**Action item:**
Start at the line with "Una carretera nacional" in the records below, stop at the line with "Driver arrested after", and return every line in that span exactly, the two end lines included.

**Data excerpts:**
────────────────

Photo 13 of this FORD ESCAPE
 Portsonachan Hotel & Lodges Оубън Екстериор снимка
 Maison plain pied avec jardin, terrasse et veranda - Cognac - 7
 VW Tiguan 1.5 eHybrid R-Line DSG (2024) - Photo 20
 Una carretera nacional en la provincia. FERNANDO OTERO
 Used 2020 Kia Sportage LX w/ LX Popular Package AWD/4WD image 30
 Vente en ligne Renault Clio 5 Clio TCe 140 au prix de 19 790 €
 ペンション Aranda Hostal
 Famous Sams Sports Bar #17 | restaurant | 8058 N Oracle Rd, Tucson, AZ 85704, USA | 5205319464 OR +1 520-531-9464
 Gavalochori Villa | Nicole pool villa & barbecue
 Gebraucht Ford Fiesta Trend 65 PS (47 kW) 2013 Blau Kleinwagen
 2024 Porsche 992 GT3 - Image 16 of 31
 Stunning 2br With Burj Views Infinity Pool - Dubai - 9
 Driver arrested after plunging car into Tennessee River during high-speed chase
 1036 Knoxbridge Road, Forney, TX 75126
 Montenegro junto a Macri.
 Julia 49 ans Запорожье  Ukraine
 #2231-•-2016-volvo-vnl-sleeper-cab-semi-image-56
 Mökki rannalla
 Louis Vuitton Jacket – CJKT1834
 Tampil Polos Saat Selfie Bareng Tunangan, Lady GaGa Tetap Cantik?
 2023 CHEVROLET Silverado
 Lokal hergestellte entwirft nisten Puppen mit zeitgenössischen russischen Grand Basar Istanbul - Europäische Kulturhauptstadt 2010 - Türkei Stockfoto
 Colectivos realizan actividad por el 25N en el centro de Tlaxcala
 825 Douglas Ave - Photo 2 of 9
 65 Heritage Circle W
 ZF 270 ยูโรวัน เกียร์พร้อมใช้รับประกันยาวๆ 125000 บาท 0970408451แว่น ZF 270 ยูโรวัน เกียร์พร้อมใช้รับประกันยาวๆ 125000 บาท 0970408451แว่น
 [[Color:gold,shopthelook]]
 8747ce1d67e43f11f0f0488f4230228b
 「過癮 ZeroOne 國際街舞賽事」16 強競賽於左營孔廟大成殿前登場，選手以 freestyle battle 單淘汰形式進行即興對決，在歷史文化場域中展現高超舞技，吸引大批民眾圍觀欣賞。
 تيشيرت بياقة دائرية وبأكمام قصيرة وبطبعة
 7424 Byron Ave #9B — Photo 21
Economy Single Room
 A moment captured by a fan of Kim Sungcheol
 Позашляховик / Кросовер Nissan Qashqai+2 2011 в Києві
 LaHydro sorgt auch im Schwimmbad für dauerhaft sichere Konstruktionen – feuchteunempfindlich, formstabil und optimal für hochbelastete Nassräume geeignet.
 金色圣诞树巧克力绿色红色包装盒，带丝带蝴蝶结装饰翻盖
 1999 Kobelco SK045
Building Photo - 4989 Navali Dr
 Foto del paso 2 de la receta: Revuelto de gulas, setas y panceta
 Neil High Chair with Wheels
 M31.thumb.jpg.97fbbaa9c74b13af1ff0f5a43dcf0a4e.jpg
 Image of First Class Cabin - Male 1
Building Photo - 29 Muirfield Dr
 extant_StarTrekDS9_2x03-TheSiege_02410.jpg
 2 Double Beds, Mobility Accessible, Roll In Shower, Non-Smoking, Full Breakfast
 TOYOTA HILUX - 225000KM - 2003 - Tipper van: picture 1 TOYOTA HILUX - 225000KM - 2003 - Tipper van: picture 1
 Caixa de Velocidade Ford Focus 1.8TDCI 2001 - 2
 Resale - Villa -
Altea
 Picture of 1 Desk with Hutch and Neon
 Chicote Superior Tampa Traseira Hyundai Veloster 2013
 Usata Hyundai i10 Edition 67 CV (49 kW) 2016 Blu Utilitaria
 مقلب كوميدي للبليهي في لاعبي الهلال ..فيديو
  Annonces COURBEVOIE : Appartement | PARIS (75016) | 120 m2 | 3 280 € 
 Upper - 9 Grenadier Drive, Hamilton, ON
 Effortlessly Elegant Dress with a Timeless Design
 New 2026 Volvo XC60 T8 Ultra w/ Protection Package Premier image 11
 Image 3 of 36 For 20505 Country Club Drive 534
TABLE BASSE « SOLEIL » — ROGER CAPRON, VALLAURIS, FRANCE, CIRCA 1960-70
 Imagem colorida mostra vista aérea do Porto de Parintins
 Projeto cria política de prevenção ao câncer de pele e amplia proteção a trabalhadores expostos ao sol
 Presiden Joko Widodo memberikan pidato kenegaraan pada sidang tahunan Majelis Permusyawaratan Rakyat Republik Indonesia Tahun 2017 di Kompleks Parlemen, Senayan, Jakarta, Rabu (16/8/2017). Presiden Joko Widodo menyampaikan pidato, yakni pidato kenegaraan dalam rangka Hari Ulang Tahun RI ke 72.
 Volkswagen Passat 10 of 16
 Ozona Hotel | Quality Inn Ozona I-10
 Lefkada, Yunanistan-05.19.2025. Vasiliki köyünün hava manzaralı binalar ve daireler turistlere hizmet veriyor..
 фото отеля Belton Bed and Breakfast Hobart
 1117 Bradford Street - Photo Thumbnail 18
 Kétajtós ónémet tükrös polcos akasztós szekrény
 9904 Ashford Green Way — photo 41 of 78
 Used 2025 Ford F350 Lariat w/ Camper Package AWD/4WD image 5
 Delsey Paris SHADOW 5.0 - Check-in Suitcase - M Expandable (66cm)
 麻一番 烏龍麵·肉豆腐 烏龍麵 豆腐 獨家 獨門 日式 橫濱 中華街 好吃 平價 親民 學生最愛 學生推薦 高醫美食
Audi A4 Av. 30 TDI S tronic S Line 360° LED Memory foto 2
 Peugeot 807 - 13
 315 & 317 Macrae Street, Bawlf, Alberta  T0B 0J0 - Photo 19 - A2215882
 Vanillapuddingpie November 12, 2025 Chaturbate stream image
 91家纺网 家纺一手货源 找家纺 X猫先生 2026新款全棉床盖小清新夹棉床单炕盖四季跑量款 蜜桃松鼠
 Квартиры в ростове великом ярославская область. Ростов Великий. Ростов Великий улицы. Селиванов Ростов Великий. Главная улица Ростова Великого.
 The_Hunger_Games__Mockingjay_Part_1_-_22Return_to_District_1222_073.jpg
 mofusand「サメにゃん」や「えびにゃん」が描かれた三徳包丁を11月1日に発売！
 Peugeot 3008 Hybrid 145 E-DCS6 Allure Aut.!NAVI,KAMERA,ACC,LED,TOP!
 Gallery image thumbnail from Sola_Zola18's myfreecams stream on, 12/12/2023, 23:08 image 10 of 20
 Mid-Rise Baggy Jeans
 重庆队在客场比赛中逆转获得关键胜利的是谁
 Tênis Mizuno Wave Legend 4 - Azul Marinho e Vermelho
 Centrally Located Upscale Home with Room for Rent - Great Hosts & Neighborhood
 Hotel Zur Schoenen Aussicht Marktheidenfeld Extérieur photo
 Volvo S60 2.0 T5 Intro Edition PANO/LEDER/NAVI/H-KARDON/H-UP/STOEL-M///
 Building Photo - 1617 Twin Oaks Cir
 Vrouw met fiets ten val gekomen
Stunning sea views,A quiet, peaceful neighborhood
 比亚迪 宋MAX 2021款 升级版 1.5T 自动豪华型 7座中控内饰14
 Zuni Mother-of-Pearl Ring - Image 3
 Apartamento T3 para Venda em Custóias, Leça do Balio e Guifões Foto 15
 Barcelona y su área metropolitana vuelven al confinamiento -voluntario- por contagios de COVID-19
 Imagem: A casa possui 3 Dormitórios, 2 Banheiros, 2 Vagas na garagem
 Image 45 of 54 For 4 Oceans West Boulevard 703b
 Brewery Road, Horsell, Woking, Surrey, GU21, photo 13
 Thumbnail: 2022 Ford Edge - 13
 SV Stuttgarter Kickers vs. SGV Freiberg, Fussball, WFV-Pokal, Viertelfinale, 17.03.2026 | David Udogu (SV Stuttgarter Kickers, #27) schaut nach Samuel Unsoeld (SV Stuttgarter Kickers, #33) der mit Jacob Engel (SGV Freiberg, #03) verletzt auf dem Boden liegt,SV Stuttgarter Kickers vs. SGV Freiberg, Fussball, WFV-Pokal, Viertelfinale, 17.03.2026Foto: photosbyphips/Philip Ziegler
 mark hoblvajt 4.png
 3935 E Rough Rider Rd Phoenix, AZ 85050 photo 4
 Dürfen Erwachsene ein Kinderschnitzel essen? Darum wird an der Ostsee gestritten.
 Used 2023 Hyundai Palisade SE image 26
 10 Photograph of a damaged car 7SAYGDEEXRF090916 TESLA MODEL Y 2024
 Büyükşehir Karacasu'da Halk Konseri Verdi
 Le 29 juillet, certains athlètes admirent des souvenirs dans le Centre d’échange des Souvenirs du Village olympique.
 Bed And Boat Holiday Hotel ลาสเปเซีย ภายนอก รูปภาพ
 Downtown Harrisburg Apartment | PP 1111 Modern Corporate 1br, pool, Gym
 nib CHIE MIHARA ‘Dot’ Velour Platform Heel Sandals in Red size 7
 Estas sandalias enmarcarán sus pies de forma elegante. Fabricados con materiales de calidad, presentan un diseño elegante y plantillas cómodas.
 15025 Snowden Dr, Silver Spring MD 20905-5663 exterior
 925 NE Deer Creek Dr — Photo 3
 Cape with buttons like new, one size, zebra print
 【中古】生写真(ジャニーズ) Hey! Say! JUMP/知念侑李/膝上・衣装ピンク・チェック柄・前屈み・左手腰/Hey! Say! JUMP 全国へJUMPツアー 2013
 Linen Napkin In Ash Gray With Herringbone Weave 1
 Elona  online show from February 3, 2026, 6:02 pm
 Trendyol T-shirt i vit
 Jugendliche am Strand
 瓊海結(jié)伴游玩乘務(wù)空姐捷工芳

────────────────

**Solution to this problem:**
 Una carretera nacional en la provincia. FERNANDO OTERO
 Used 2020 Kia Sportage LX w/ LX Popular Package AWD/4WD image 30
 Vente en ligne Renault Clio 5 Clio TCe 140 au prix de 19 790 €
 ペンション Aranda Hostal
 Famous Sams Sports Bar #17 | restaurant | 8058 N Oracle Rd, Tucson, AZ 85704, USA | 5205319464 OR +1 520-531-9464
 Gavalochori Villa | Nicole pool villa & barbecue
 Gebraucht Ford Fiesta Trend 65 PS (47 kW) 2013 Blau Kleinwagen
 2024 Porsche 992 GT3 - Image 16 of 31
 Stunning 2br With Burj Views Infinity Pool - Dubai - 9
 Driver arrested after plunging car into Tennessee River during high-speed chase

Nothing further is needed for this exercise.